The Government is now updating its EU strategy for the next four years. Our goals are already set out in the white paper Setting the course for Norwegian foreign and security policy. We want a safe, free and economically strong Europe, based on cooperation. In order to attain this, we need to be a close, constructive and creative partner for the EU and promote closer European cooperation. How exactly can we manage this? The short answer is that we don't have all the answers.
If we are to base our policies on up-to-date knowledge, we need input from the advanced research sponsored by the Research Council's 'Europe in Transition' programme more than ever.
The EU itself is facing critical challenges. I believe the most important one is the need to generate growth and create new jobs, especially for the younger generation. For example, there is a potential for more cooperation on stimulating green growth, through digitisation of the public sector and green investment in innovation and research. We will work closely together with the EU on implementation of the Paris climate agreement, both through the Emissions Trading System and through sectors not covered by this system. This will prepare our industry for the future and opens market opportunities for our companies.
The EU also needs to handle migration, which is one of the most divisive issues in many European countries. There is a need to find common ground for managing the migration challenge and at the same time ensuring safe and inclusive societies.
Issues such as these affect all of us and yet none of us can solve them on our own. On the contrary, at least part of the solution to all these challenges is European. I must admit that – looking at EU's Leaders Agenda I get a bit envious at the EU-member-states. It highlights that some of the most important issues that requires close international cooperation – will be discussed among the EU leaders the next 18 months.

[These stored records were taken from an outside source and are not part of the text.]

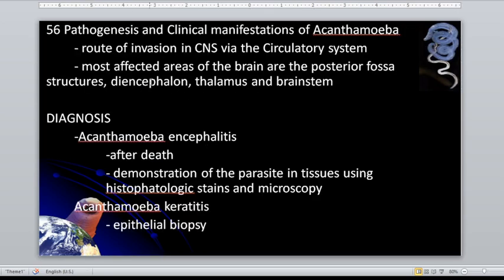Pathogenesis: the route of invasion to the CNS is through the circulatory system. They enter through the circulation to reach the brain — unlike Naegleria fowleri, which uses the olfactory nerve. The most affected areas of the brain are the posterior fossa structures, the encephalon, thalamus, and brain stem.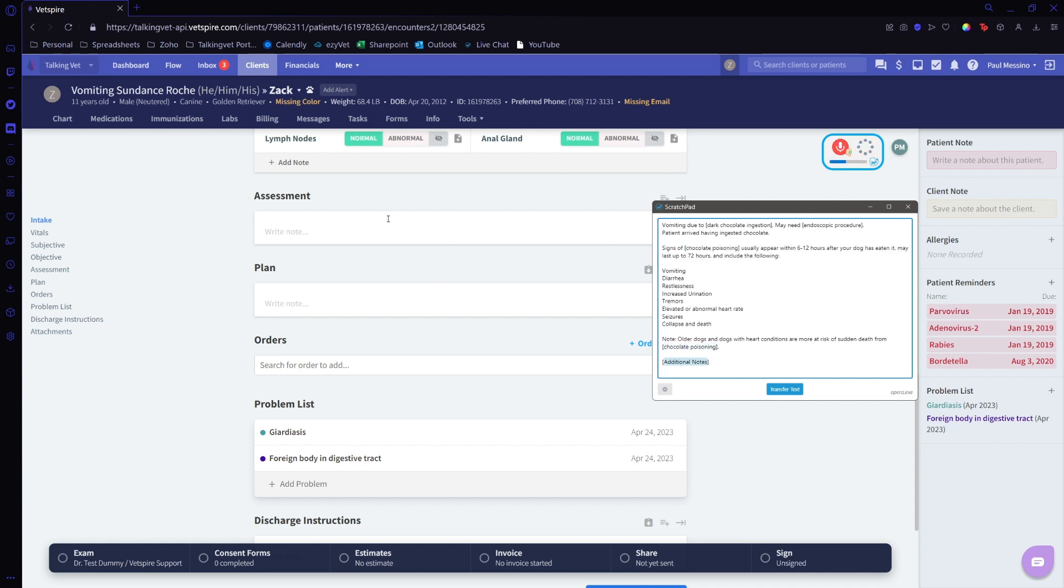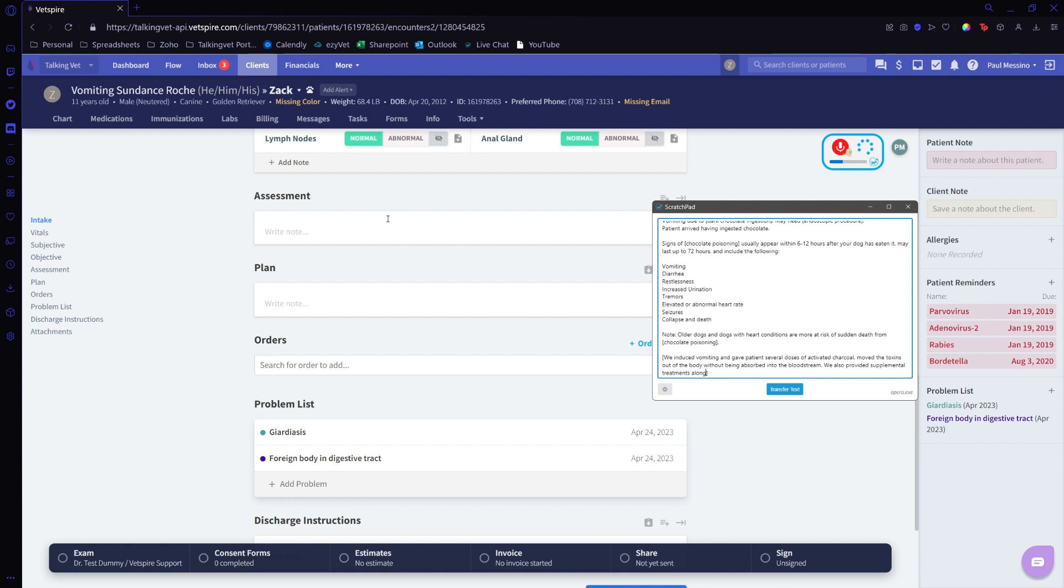We induced vomiting and gave patients several doses of activated charcoal, moved the toxins out of the body without being absorbed into the bloodstream. We also provided supplemental treatments along with medications and IV fluids to resolve the effects of the poisoning.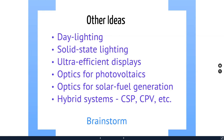Optics for photovoltaics: clever ideas for collecting light, bifacial solar cells, clever ways to trap light, and spectrum splitting to condition light so the solar cell is more efficient. Optics for solar fuel generation — for example, hydroponic farms that use LEDs with specific colors to ensure higher crop yield. And hybrid systems where you use heat to heat a home, but a portion also generates electricity.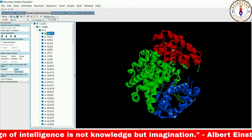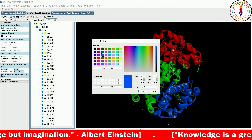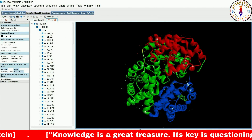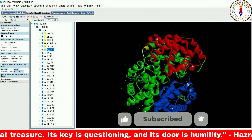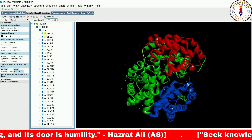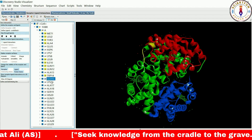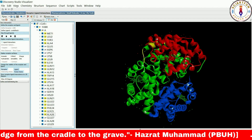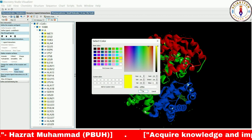You can also change the color of selected residues by first selecting the desired residues and then changing their color. This is a useful tool for highlighting specific regions of a protein or for differentiating between different types of residues. For example, you may want to highlight residues that are important for a particular function or interaction, or distinguish between different types of residues based on their chemical properties or structural features.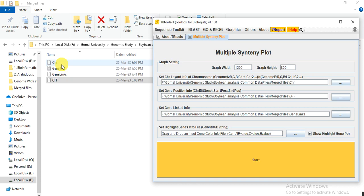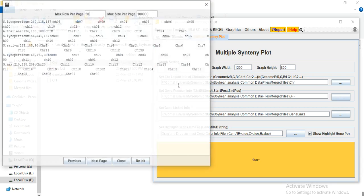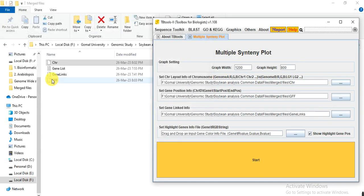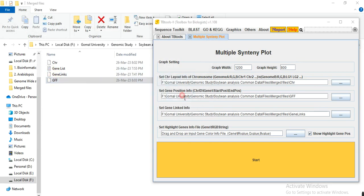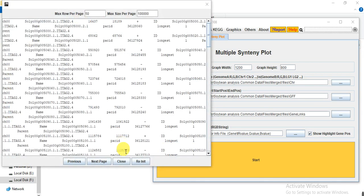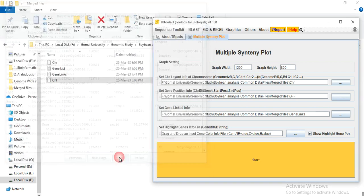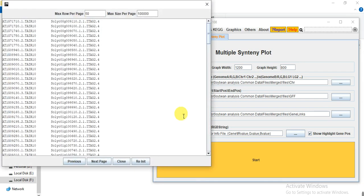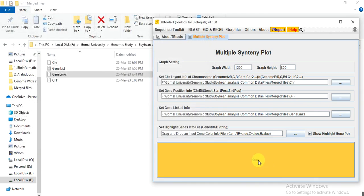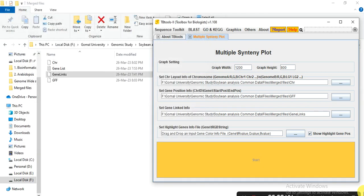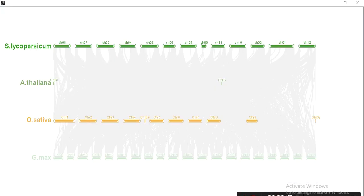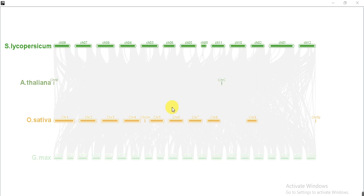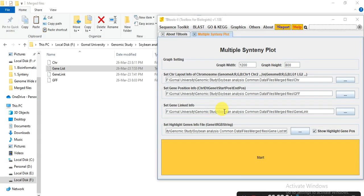Then we put all those files one by one again: chromosome, GFF, gene link. And then start to check. So here we are. So we have these only chromosomes of G.max, Oryza sativa, Arabidopsis thaliana, and Solanum lycopersicum.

For Norway – a country that is always seeking international partnerships and cooperation – it feels almost unnatural not to be part of this agenda.
However, we acknowledge our share of the responsibility to secure a stable and prosperous Europe, and we will continue to do our best to be a relevant and interesting partner and contributor in the discussions at the European level.
Norway also plays a role through the EEA and Norway Grants, which aim to reduce social and economic disparities in Europe and strengthen our bilateral relations with the fifteen recipient countries. The Grants' specific focus on civil society, for instance, is unique in a European context. Clearly our work with the EEA and Norway Grants programme also benefits from academic input from you and will continue to do so.
I am proud to say that in recognition of the need for advanced research on European Affairs, the Ministry of Foreign Affairs has committed to provide NOK 10.5 million in support for the Research Council's Europe in Transition Programme every year for the next four years. I am very happy to see that for 2018, these funds will be supplemented by another NOK 10 million from the Ministry of Education and Research, and one million from the Ministry of Justice and Public Security.
Given the tremendous impact of the ongoing changes in Europe on Norwegian industry and exporters of goods and services, I would also welcome contributions to this research programme from the private sector.
Ladies and gentlemen,
I understand there is now a new Call for proposals for the Europe in Transition programme, with a particular focus on some of the most burning issues we face: first and foremost brexit, but also the challenges to the EU's fundamental values and lastly the forces shaping the EU's Common Foreign and Security Policy.
I understand there will be a Call for proposals relating to climate change and energy policy will follow in the first half of 2018.
I hope that some of you here today will be inspired to grasp these opportunities, because as policy-makers we really need your input. I wish you every success with writing your applications, and hope you will find this conference interesting and have fruitful discussions throughout the day. Thank you.